Uno di questi, davvero interessante, è La saggezza di Nonno Ant , di Marinella Salvan e Valentina Costantin per Onda D’Urto Edizioni, con il testo anche in inglese e francese. La storia si svolge in un formicaio in cui l’arrivo di una formica diversa crea inizialmente un po’ di scompiglio. Quando i bambini quando l’hanno letto sono rimasti colpiti dal forte messaggio, cogliendone subito l’importanza.

Un altro libro interessante è Vietato agli elefanti di Lisa Mantchev per Giunti che ha la “paura del diverso” come filo conduttore di tutta la storia. Nelle nostre discussioni mattutine è emerso che accogliere vuol dire anche condividere e il passo successivo è stata proprio quello di cercare informazioni sulle tradizioni del Natale e della fine dell’anno nelle diverse culture presenti in classe. Per questo lavoro la fonte d’ispirazione è stato I bambini del mondo di Rossano Palazzeschi ed Elisa Prati per Giunti Junior.

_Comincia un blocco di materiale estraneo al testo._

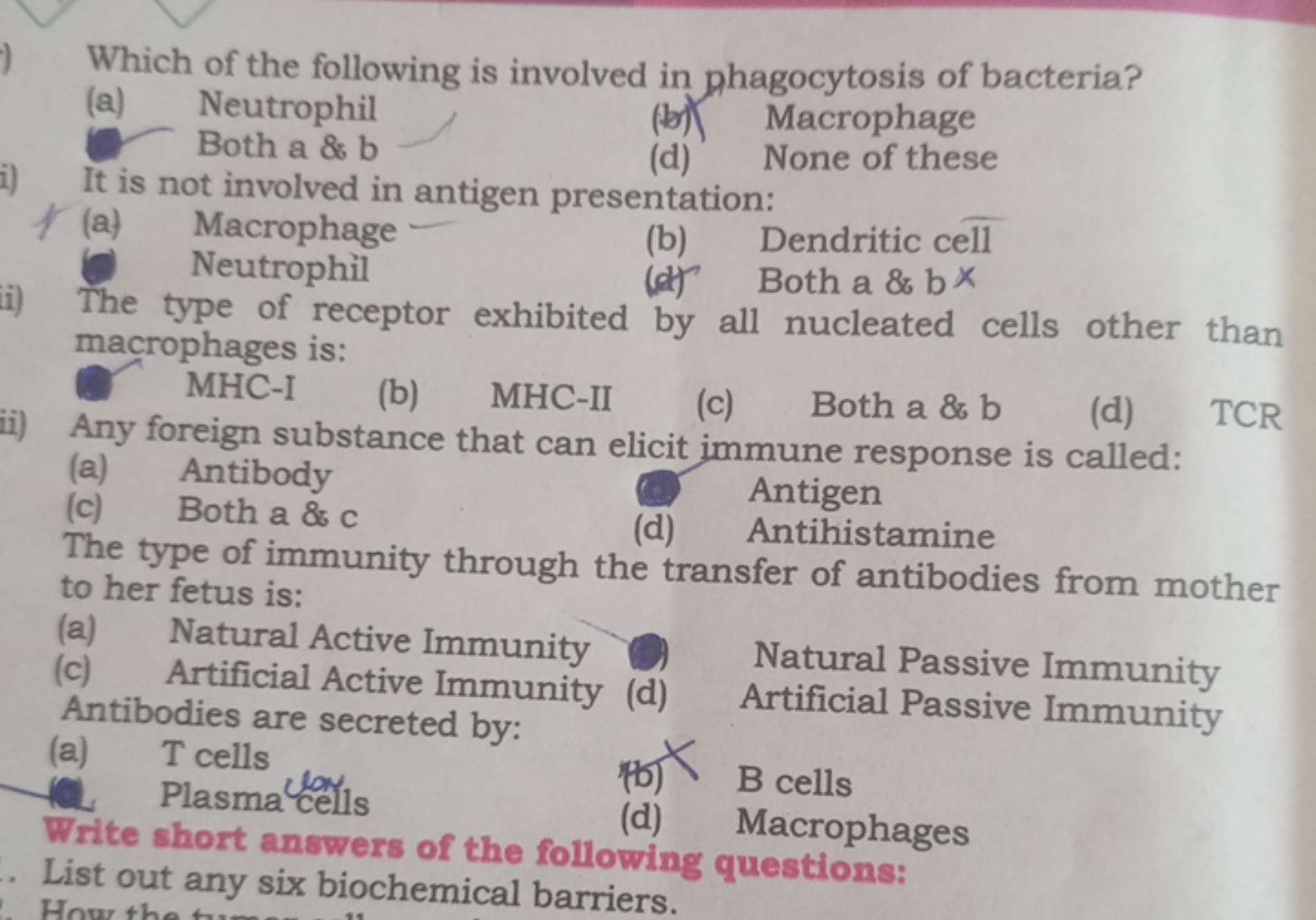 Which of the following is involved in phagocytosis of bacteria?
(a) Ne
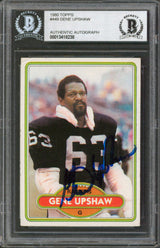 Raiders Gene Upshaw Authentic Signed 1980 Topps #449 Card BAS Slabbed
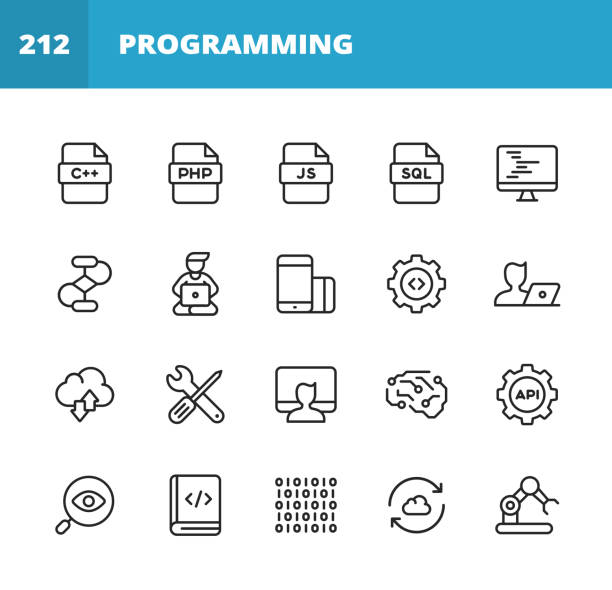 Computer Programming Line Icons. Editable Stroke. Pixel Perfect. For Mobile and Web. Contains such icons as Programming, Computer Language, Software Development, Coding, Virus, Error, Machine Learning, Artificial Intelligence, Agile, Hacker, Java, Sql. 20 Computer Programming Outline Icons. Programming, Computer Language, Software Development, Coding, Debugging, Brainstorming, Idea, Laptop, Desktop, Workplace, Office, Web Browser, Internet, Computer Virus, Error, Computer Bug, Website, Web Development, Webpage, Website not Found, Code, Web Layout, User Interface Programming, Configuration, Machine Learning, Artificial Intelligence, Keyboard, Processor, Development Tools, Database, Agile Development, Hacker, Developer, Coder, Project Management, Chair, Coffee, Cloud Computing, Startup, Diagram, Computer Vision, Java, Sql. web page computer icon symbol engineer stock illustrations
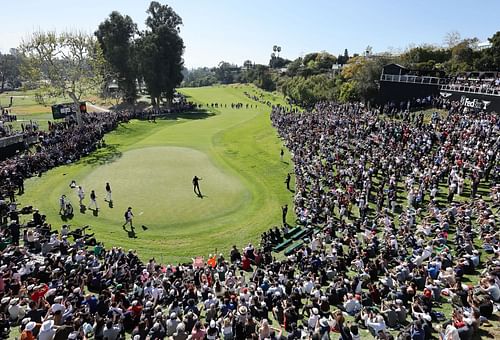 Tiger Woods at The Genesis Invitational - after a putt at the 18th green in the final round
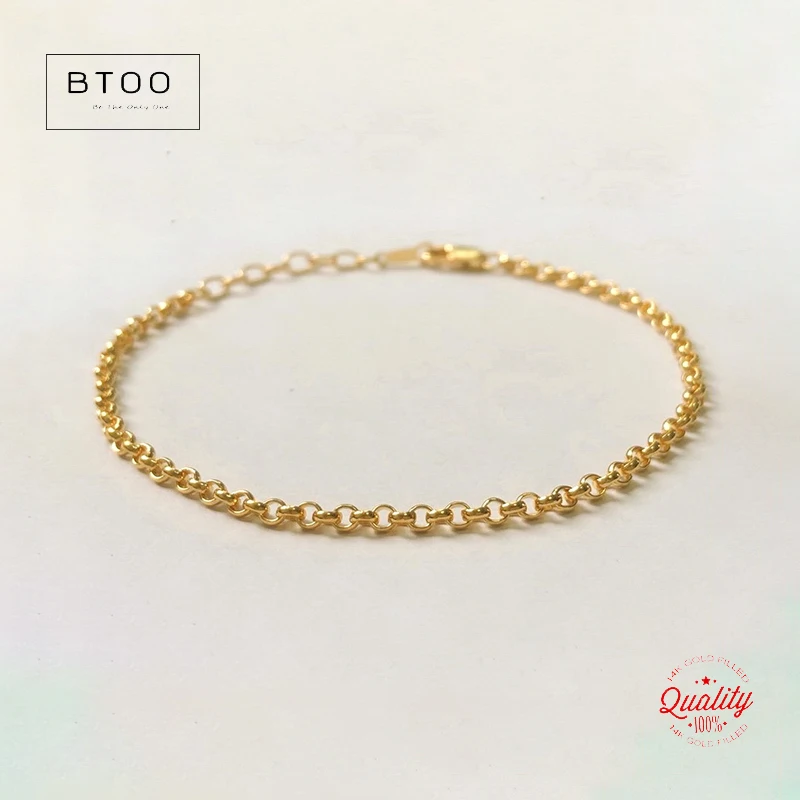 14K Gold gefülltes 2,5 mm Rolo-Kettenarmband, wasserdichtes, zierliches Armband, nicht anlaufendes Armband, hypoallergenes Schmuckzubehör – Detail 11
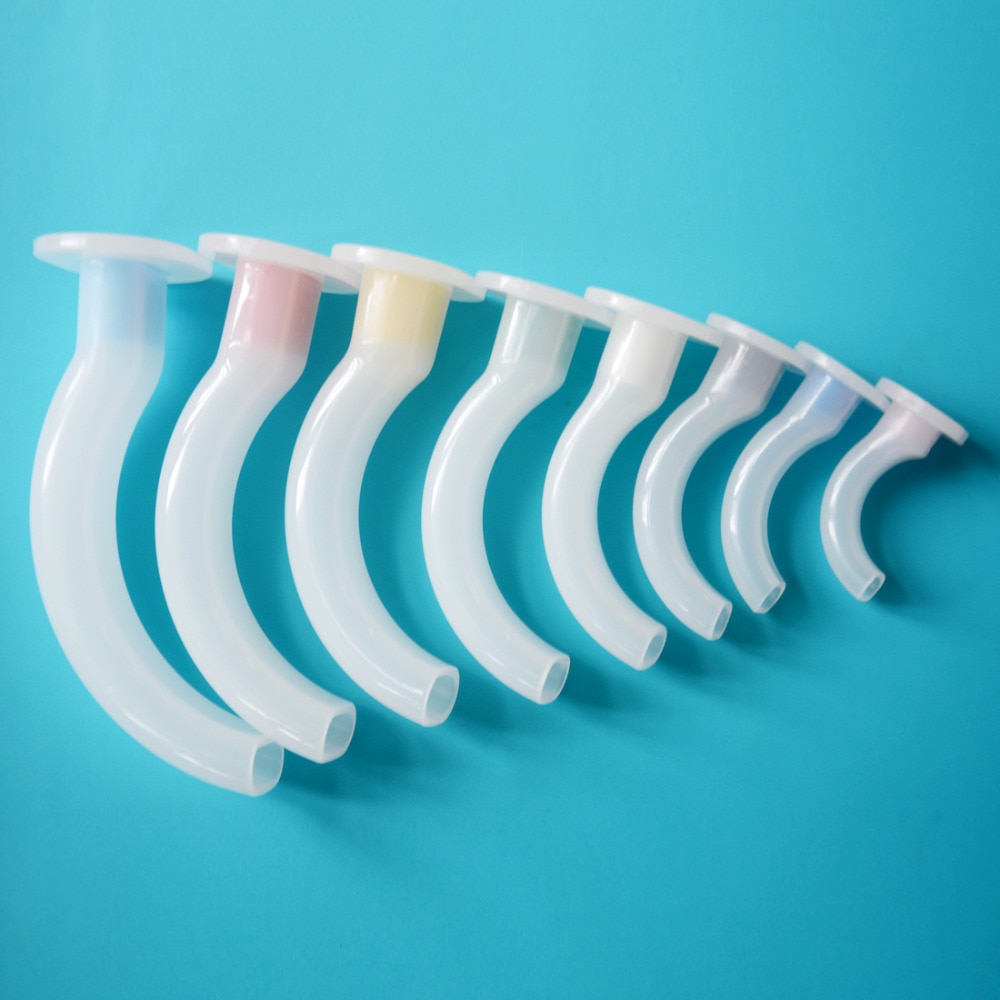 8 Pieces Disposable White Color Coded Airway Tube With Plastic Case Gas Guide Tube For Patients Box Package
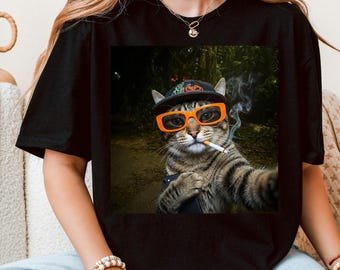 Camiseta divertida de gato fumando para selfies - Camiseta gráfica urbana con meme de gato atigrado, estética animal, regalo viral genial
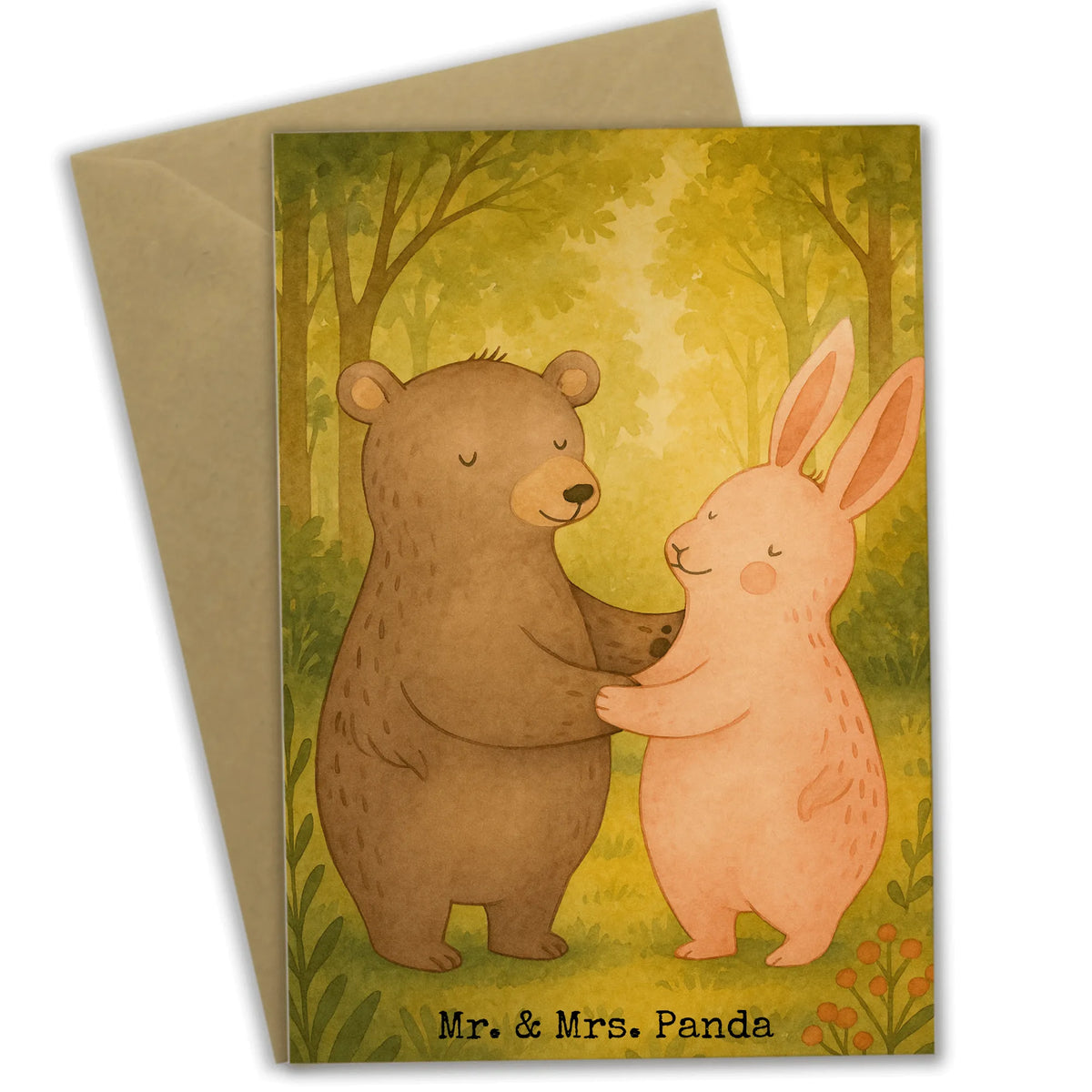 Grußkarte Bär und Hase Umarmen Design valentinstagskarte, abiturkarte, genesungskarte, hochzeitskarten, vatertagskarte, Glückwunschkarte, osterkarte, einladungskarten, weihnachtskarten, Grußkarte, babykarte, Motivkarte, Beileidskarte, Klappkarte, spruchkarte, dankeskarten, kommunionskarte, jubiläumskarte, glückwunschkarten, neujahrskarte, Grußkarten, osterkarten, firmungskarte, Freund, Liebe, Liebesgeschenk, Jahrestag, Verlobung, Partner, Ehemann, Ehefrau, Heiraten, Heiratsantrag, Hocheitstag, Freundin, Bär, Bärchen, Hase, Freunde, Best Friends, Bester Freund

L’amicizia, prima di tutto

Per i più piccoli ho pensato di affrontare l’approssimarsi delle feste con letture che possano sensibilizzare ed essere d’aiuto per riflettere sul valore dell’amicizia , sulla ricchezza dello stare insieme e della condivisione . Mi è parso un tema più semplice, forse un po’ scontato ma consono a una classe prima. Per iniziare ho utilizzato Piccolo blu e piccolo giallo , di Leo Lionni, che offre interessanti spunti anche sul valore dell’accoglienza. Quest’anno, grazie alla collaborazione di una collega, l’ho proposto anche in dialetto genovese. Successivamente ho letto Nel paese delle pulcette , di Beatrice Alemagna per Phaidon, e L’importante è che siamo amici , di Jessica Walton e Douglas MacPherson per Rizzoli, che offre interessanti spunti di discussione sull’opportunità o meno, da parte degli adulti, di obbligare i bambini nelle loro scelte (a partire dai giocattoli, ad esempio).